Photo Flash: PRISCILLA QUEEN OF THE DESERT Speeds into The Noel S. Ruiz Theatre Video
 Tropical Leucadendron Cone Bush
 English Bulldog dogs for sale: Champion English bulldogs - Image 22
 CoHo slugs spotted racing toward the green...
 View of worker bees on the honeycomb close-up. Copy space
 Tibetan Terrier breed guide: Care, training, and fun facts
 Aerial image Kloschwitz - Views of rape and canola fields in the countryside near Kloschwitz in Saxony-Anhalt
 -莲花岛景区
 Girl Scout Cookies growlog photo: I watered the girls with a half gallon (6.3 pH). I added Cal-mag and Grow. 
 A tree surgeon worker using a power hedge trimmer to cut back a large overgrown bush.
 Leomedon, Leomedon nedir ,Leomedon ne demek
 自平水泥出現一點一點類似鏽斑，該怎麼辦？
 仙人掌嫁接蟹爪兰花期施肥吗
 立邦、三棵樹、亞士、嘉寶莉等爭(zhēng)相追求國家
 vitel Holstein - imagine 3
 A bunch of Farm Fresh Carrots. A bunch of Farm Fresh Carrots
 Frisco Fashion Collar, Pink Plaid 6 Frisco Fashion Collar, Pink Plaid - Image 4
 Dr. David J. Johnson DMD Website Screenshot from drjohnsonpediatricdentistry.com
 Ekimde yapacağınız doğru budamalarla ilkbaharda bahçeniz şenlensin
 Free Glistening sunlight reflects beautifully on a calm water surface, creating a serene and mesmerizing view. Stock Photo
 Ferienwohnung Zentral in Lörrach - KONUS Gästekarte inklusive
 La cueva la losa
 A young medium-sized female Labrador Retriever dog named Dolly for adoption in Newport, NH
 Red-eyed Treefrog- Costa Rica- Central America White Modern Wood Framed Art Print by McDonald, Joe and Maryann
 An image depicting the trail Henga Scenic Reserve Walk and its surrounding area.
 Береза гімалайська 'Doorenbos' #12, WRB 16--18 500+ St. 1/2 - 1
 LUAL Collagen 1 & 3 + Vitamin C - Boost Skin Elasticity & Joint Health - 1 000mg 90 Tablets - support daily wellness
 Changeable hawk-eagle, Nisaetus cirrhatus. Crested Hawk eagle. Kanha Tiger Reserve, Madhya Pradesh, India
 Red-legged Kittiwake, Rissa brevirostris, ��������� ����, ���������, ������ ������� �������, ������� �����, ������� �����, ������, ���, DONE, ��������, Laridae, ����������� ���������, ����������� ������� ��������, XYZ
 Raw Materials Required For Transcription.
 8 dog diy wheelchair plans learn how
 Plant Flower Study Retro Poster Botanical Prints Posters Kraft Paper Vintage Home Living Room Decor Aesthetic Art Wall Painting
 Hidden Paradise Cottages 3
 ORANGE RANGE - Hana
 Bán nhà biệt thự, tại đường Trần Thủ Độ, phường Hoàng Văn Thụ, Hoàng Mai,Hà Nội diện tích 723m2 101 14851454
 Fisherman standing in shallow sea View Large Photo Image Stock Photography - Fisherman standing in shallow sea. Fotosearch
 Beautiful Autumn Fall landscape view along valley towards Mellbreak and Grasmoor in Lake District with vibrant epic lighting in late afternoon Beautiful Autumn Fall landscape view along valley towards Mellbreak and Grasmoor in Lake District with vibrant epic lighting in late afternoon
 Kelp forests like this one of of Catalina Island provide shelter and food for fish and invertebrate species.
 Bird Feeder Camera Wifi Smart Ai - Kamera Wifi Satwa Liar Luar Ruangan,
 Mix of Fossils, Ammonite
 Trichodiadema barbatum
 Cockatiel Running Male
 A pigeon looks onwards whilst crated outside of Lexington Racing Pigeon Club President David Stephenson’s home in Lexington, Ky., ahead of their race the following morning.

■ **Task**
In the material above, find the line containing "Ferienwohnung Zentral in" and the line containing "An image depicting", then write out exactly those two lines and every line between them, and nothing more.

■ **Answer section**
 Ferienwohnung Zentral in Lörrach - KONUS Gästekarte inklusive
 La cueva la losa
 A young medium-sized female Labrador Retriever dog named Dolly for adoption in Newport, NH
 Red-eyed Treefrog- Costa Rica- Central America White Modern Wood Framed Art Print by McDonald, Joe and Maryann
 An image depicting the trail Henga Scenic Reserve Walk and its surrounding area.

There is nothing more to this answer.